Le texte :
Une après-midi, à la récréation de quatre heures, le
grand Michu me prit à part, dans un coin de la cour. Il avait un air
grave qui me frappa d'une certaine crainte; car le grand Michu était
un gaillard, aux poings énormes, que, pour rien au monde, je n'aurais
voulu avoir pour ennemi.
- Écoute, me dit-il de sa voix grasse de paysan à peine
dégrossi, écoute, veux-tu en être ?
Je répondis carrément: «Oui!» flatté d'être de quelque
chose avec le grand Michu. Alors, il m'expliqua qu'il s'agissait d'un
complot. Les confidences qu'il me fit me causèrent une sensation
délicieuse, que je n'ai jamais peut-être éprouvée depuis. Enfin,
j'entrais dans les folles aventures de la vie, j'allais avoir un
secret à garder, une bataille à livrer. Et, certes, l'effroi inavoué
que je ressentais à l'idée de me compromettre de la sorte comptait
pour une bonne moitié dans les joies cuisantes de mon nouveau rôle de
complice.
Aussi, pendant que le grand Michu parlait, étais-je en
admiration devant lui. Il m'initia d'un ton un peu rude, comme un
conscrit dans l'énergie duquel on a une médiocre confiance.
Cependant, le frémissement d'aise, l'air d'extase enthousiaste que je
devais avoir en l'écoutant, finirent par lui donner une meilleure
opinion de moi.
Comme la cloche sonnait le second coup, en allant tous
deux prendre nos rangs pour rentrer à l'étude :
- C'est entendu, n'est-ce pas? me dit-il à voix basse.
Tu es des nôtres... Tu n'auras pas peur, au moins ; tu ne trahiras
pas ?
- Oh ! non, tu verras... C'est juré.
Il me regarda de ses yeux gris, bien en face, avec une
vraie dignité d'homme mûr, et me dit encore :
- Autrement, tu sais, je ne te battrai pas, mais je
dirai partout que tu es un traître, et personne ne te parlera plus.
Je me souviens encore du singulier effet que me
produisit cette menace.
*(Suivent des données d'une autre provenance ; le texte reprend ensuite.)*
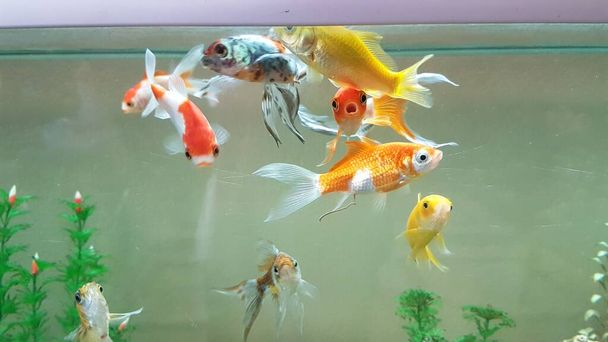 goldfish goldfishes in many colors swimming in a jar with plants  - Photo, Image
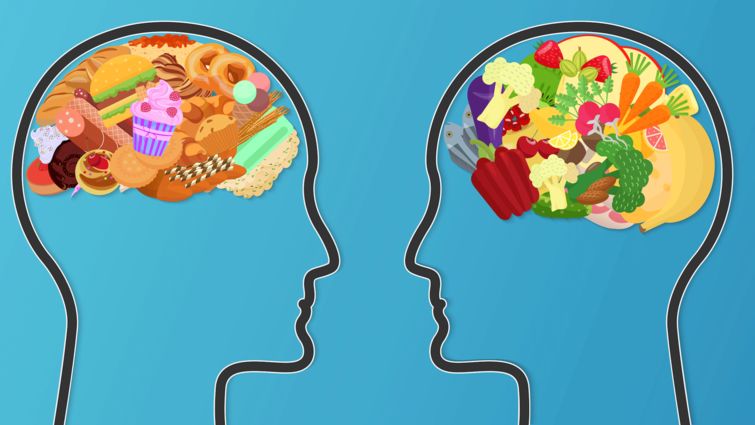 food in brain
Elle me donna un courage énorme. « Bast ! me
disais-je, ils peuvent bien me donner deux mille vers ; du diable si
je trahis Michu ! » J'attendis avec une impatience fébrile l'heure du
dîner. La révolte devait éclater au réfectoire.
Emile Zola, Le Grand Michu (1874) -
Nouvelle extraite des Nouveaux Contes à Ninon
Première partie (25 points)
Questions (15 points)
Toutes vos réponses doivent être rédigées
I. Une scène décisive
1. Relevez précisément dans le début du texte les éléments qui
indiquent où et quand se déroule la scène. (1 point)
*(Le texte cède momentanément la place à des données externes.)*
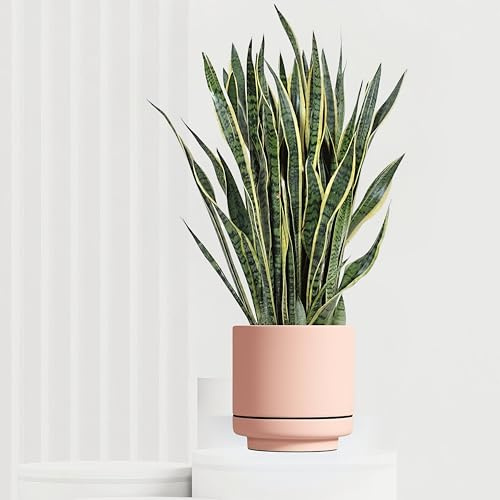 Sansevieria Laurentii, tropische Zimmerpflanze, tropische Zimmerpflanze, frische Topfpflanze, Blickfang für Wohnzimmer, Bad, Büro, pflegeleicht, robust, luftreinigend, aufrechte Blätter 100cm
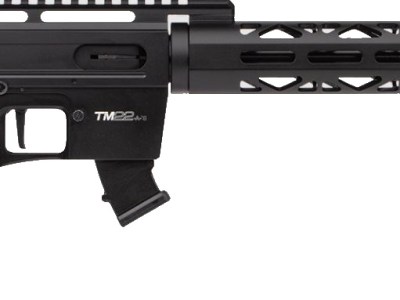 ROCK ISLAND ARMORY TM22 22LR BLK 20″ 10+1       #
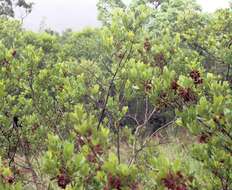 Image of Combretum vendae var. glabratum N. Hahn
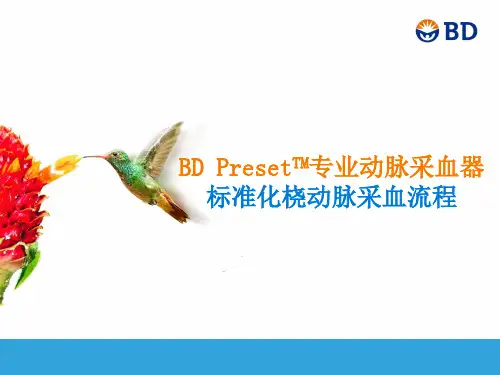 标准化桡动脉采血流程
2. « Je me souviens encore du singulier effet que me produisit cette
menace. »
a) Identifiez le temps de chacun des verbes (0,5 point)
b) Donnez-en la valeur. (1 point)
c) A quelles époques de la vie du narrateur renvoient-ils ? (1 point)
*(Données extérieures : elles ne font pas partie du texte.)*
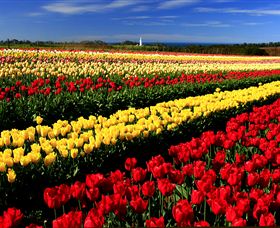 Table Cape - Accommodation Tasmania 2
3. « Il m'initia d'un ton un peu rude, comme un conscrit dans
l'énergie duquel on a une médiocre confiance. »
a) Dans le contexte de la phrase, expliquez le sens du verbe «
initier ». (0,5 point)
b) Quelle figure de style est utilisée dans cette phrase ? (0,5
point)
c) Expliquez le rapport qu’elle établit entre les deux personnages.
(0,5 point)
II. Le grand Michu et le narrateur
1. Dans l’ensemble du texte, relevez quatre mots ou expressions qui
permettent de dresser un portrait physique de Michu. (1 point)
2. « Il avait un air grave qui me frappa d'une certaine crainte; car
le grand Michu était un gaillard, aux poings énormes, que, pour rien
au monde, je n'aurais voulu avoir pour ennemi. »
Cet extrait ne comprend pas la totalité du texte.